Another solution to both $\displaystyle \operatorname{Li}_2\left(\frac{1}{2}\right)$ and $\displaystyle \operatorname{Li}_3\left(\frac{1}{2}\right)$
Calculation of $\displaystyle \operatorname{Li}_2\left(\frac{1}{2}\right)$
If we derive and integrate back $\displaystyle \operatorname{Li}_2\left(\frac{x}{1+x}\right)$ from $x=0$ to $x=1$, we have
$$\small \operatorname{Li}_2\left(\frac{1}{2}\right)=\int_0^1 \left(\operatorname{Li}_2\left(\frac{x}{1+x}\right)\right)'\textrm{d}x=\int_0^1\frac{\log(1+x)}{x}\textrm{d}x-\int_0^1\frac{\log(1+x)}{1+x}\textrm{d}x=\frac{\pi^2}{12}-\frac{\log^2(2)}{2},$$
and the calculation is finalized.
Good to mention that the value above can also be extracted immediately from the Dilogarithm Reflection formula which is easy to derive.
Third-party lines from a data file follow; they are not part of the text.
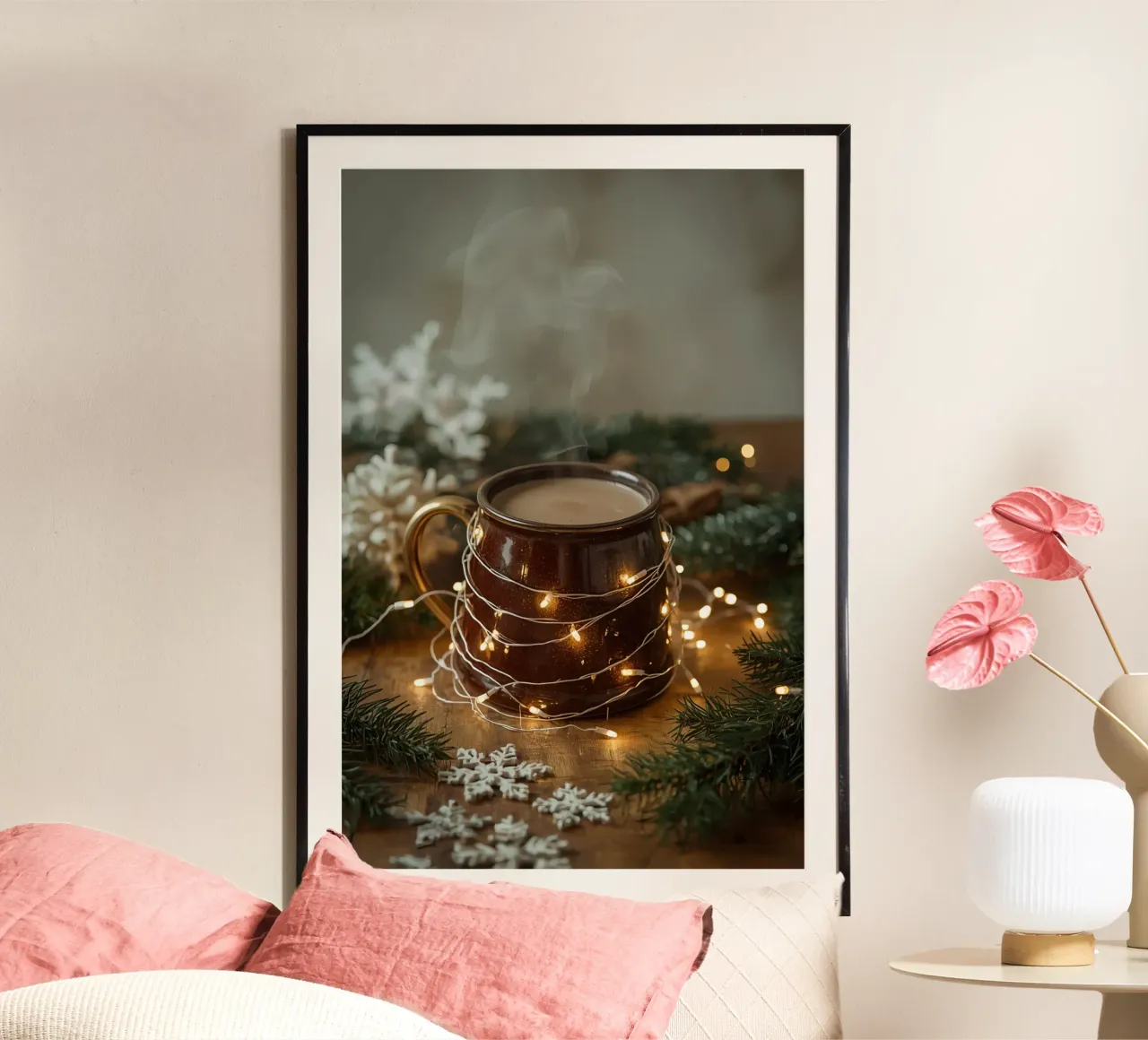 Tazza marrone con fiocchi di neve e sempreverdi luminosi poster con telaio in alluminio da DesignDoodle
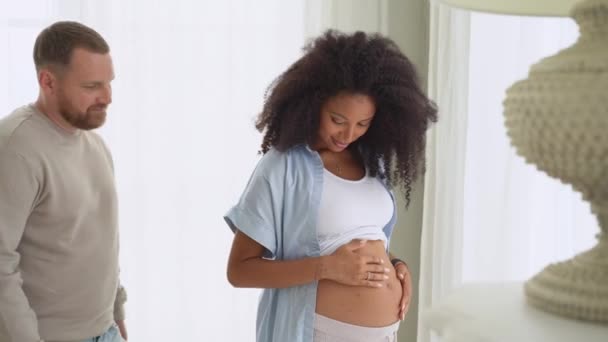Hombre Blanco Tocando Vientre Esposa Negra Embarazada Mujer Embarazada Marido — Vídeo de stock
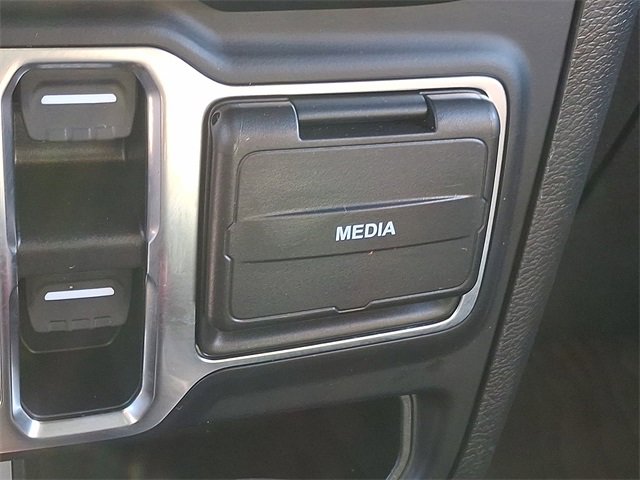 Used 2023 Jeep Gladiator Mojave w/ Cold Weather Group image 27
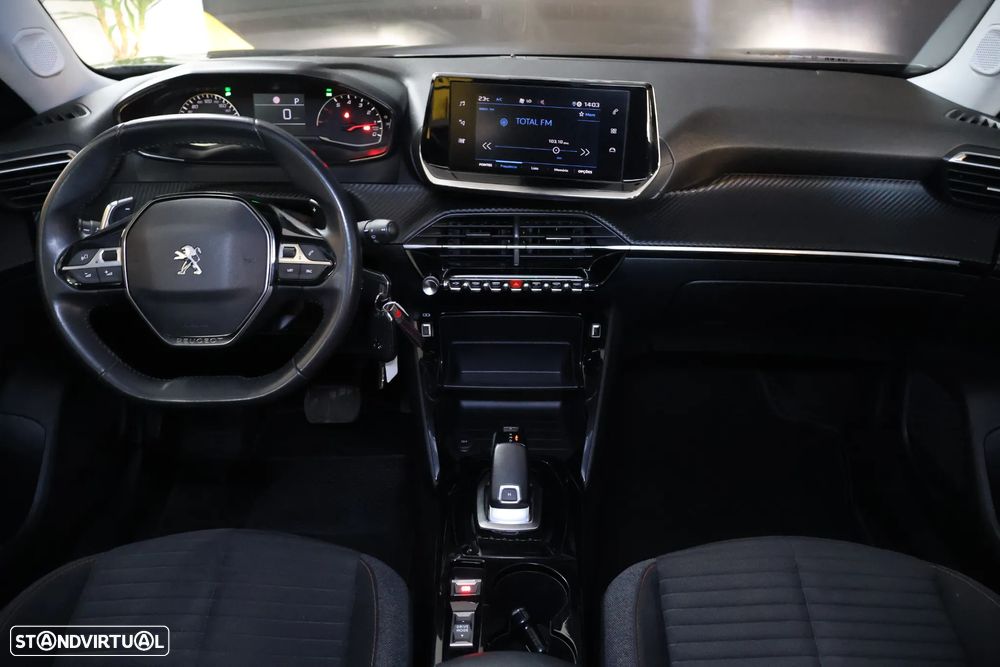 Peugeot 2008 - 8
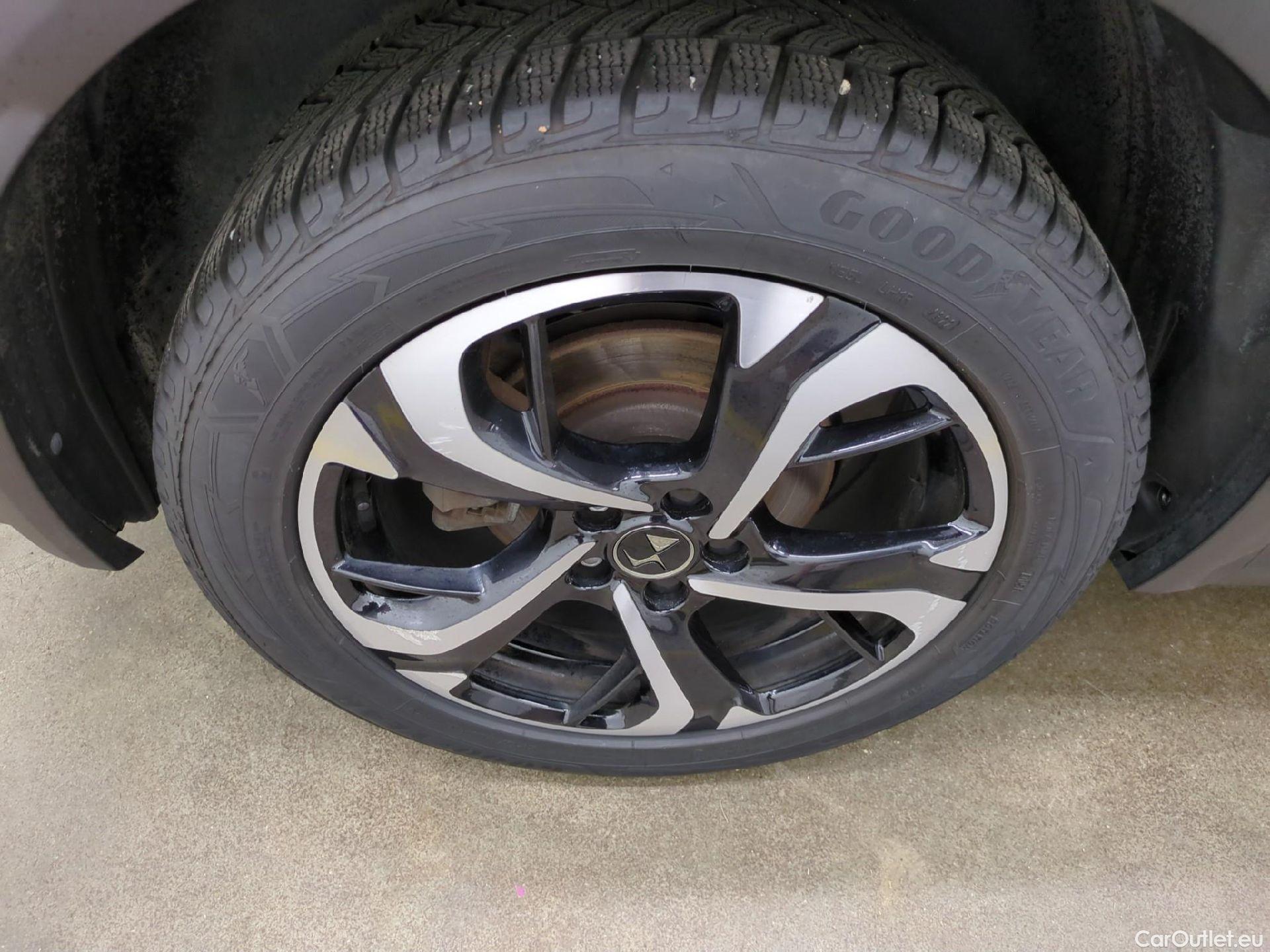  DS  DS7 7 Crossback Business 1.5 BlueHDi 130CV BVA8 E6d #25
Of course, one can use directly the strategy used in proving Dilogarithm Reflection formula for getting the desired result.
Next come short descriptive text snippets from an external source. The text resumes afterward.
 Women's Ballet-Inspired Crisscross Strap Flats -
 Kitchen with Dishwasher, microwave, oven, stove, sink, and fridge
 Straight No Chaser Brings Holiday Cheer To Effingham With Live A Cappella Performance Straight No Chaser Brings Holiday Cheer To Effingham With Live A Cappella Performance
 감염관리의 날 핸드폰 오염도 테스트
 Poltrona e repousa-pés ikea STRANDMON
Calculation of $\displaystyle \operatorname{Li}_3\left(\frac{1}{2}\right)$
If we derive and integrate back $\displaystyle \operatorname{Li}_3\left(\frac{x}{1+x}\right)$ from $x=0$ to $x=1$, and then integrate by parts, we have
$$\operatorname{Li}_3\left(\frac{1}{2}\right)=\int_0^1 \frac{\displaystyle \operatorname{Li}_2\left(\frac{x}{1+x}\right)}{x(1+x)}\textrm{d}x=-\log(2)\operatorname{Li}_2\left(\frac{1}{2}\right)-\int_0^1 \frac{\displaystyle \log(1+x)\log\left(\frac{x}{1+x}\right)}{x(1+x)}\textrm{d}x$$
$$=-\log(2)\operatorname{Li}_2\left(\frac{1}{2}\right)-\frac{1}{3}\log^3(2)-\underbrace{\int_0^1\frac{\log(x)\log(1+x)}{x}\textrm{d}x}_{\displaystyle -3/4\zeta(3)}+\frac{1}{2}\underbrace{\int_0^1\frac{\log^2(1+x)}{x}\textrm{d}x}_{\displaystyle 1/4\zeta(3)}$$
$$=\frac{7 }{8}\zeta (3)-\frac{1}{2}\log (2)\zeta(2)+\frac{1}{6}\log ^3(2),$$
where the first of the remaining integrals can be approached with polylogarithms or geometric series, and the second one can be approached easily with algebraic identities.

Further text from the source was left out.